We’ll also need to add one permission so that perf can do its profiling job.

Before we start, I strongly recommend NOT to add your user to the docker group. This may avoid you typing a few sudo, but as explained here, this is equivalent to granting root privileges to your user, due to the attack surface exposed by the Docker daemon. I don’t think that the reduced sudo-typing friction is worth the loss in security.

Running a temporary container in the foreground

Before looking at the security configuration, I just want to mention two useful flags when spawning a new container with docker run. These allow to start a temporary container with a shell in the foreground.
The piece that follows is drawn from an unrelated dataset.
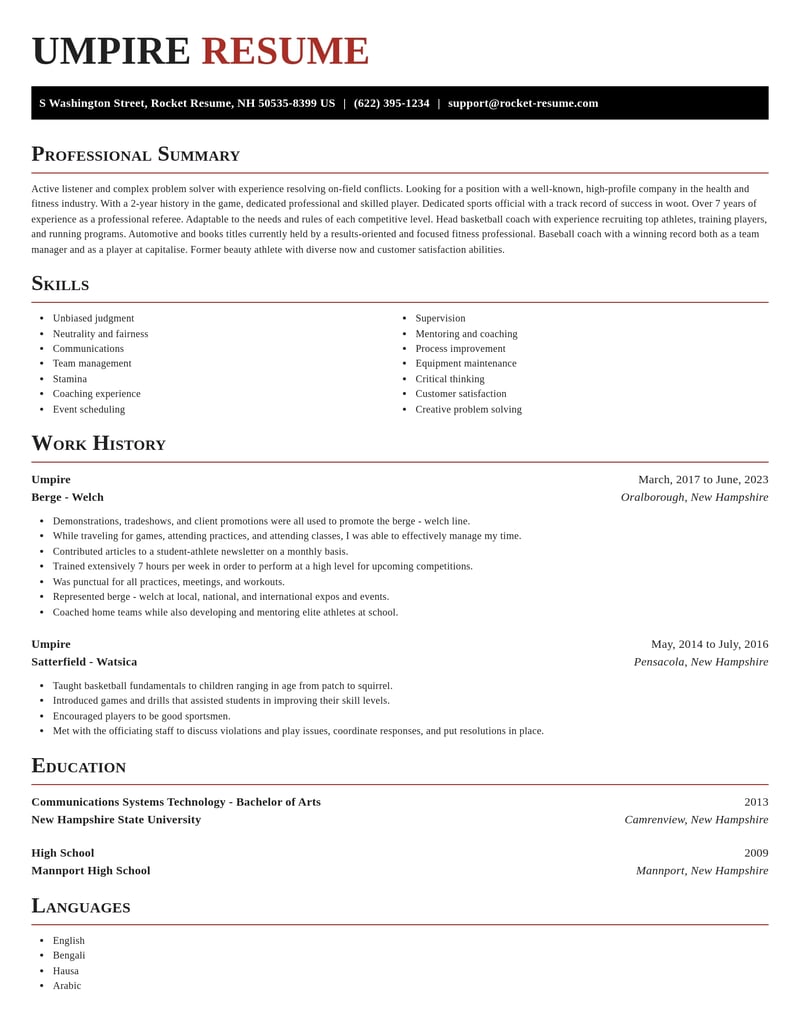 umpire sports resume exquisite template 0 exq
  • --rm, so that the container is automatically removed upon exiting.
  • -it, to run the container in foreground mode. This is actually a combination of two flags, -t (a.k.a. --tty) to allocate a pseudo-TTY, and -i (a.k.a. --interactive) to keep stdin open. This allows to run an interactive shell in the container (in our case, the Dockerfile’s ENTRYPOINT is /bin/bash).

Locking down the container

To reduce the attack surface when running Docker containers, I suggest to use the following flags when running docker run.
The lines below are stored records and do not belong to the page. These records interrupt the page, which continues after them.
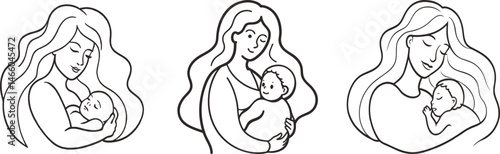 Mothers embracing her children tender love bond, Mothers and babies line art illustrations motherhood love family, Happy mother's day card design vector element 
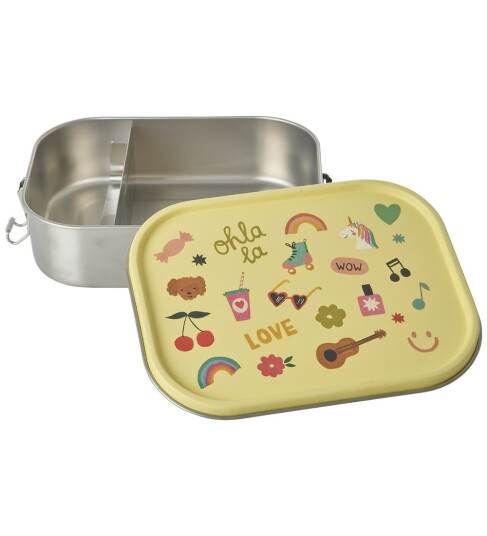 Rice Unicorn Love Print Stainless Steel Lunchbox With Moveable Divider Large 1400 Ml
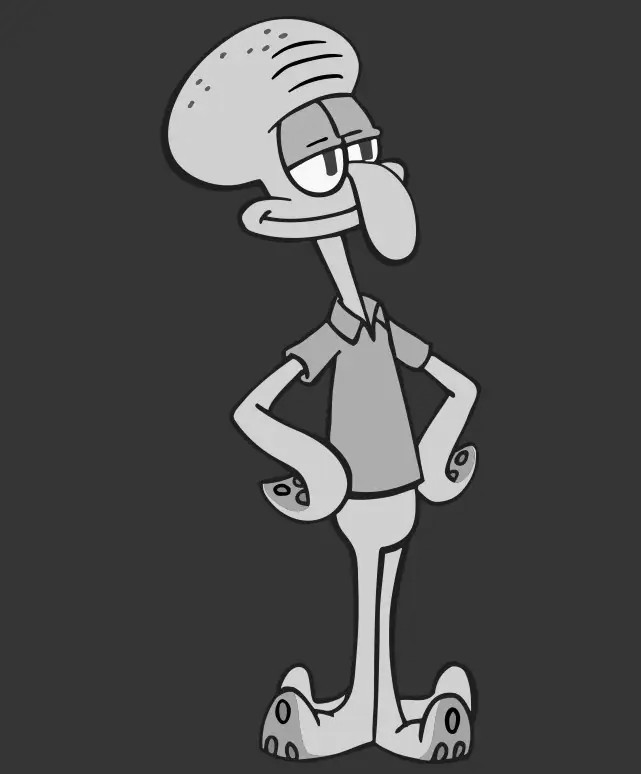 Squidward_Tentacles_BW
  • --cap-drop=all, to remove all privileged capabilities. You can then manually whitelist some capabilities, but we won’t need any.
  • --security-opt no-new-privileges, to prevent privilege escalation via setuid/setgid binaries.
  • --read-only, to mount the image’s file system as read-only. We’ll then add tmpfs mounts to have writable folders to build the code.
  • -u dev, to use our unprivileged dev user instead of root. Note that we’ve also specified it in the Dockerfile, but better be safe than sorry.
  • If you don’t need any networking, use --network=none. Unfortunately, Cargo needs networking to download package dependencies, so we’ll just leave the default, a bridge network distinct from the host network. See also Docker documentation on networking.

I also suggest the following flags to limit the resources available within the container.
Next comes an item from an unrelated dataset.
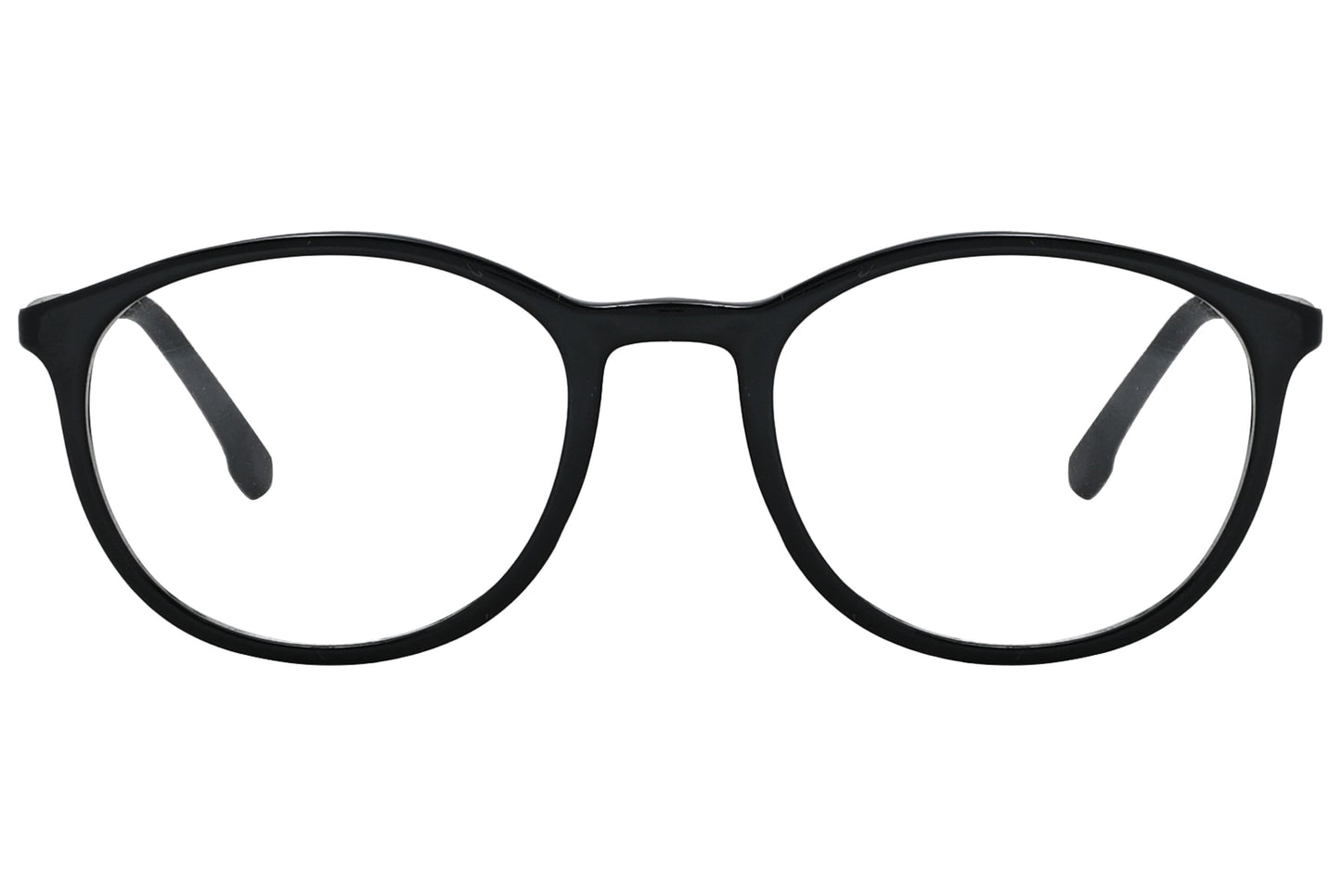 porto romano round black eyeglasses frame viewed from front angle.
  • --cpus 4, to only allow the container to use 4 CPUs.
  • --memory=1024m, to limit the RAM used by the container to 1 GB. The Rust compiler can be quite memory-hungry, so it’s hard to go below this limit for non-trivial cases.
  • --memory-swap=1024m, to limit the RAM + swap to 1 GB. This effectively prevents the container from using the swap (which could slow down your program and/or wear out your non-volatile storage).
  • --memory-swappiness=0, to turn off anonymous page swapping. This also prevents the container from using swap.

Last, here are a few security recommendations beyond docker run.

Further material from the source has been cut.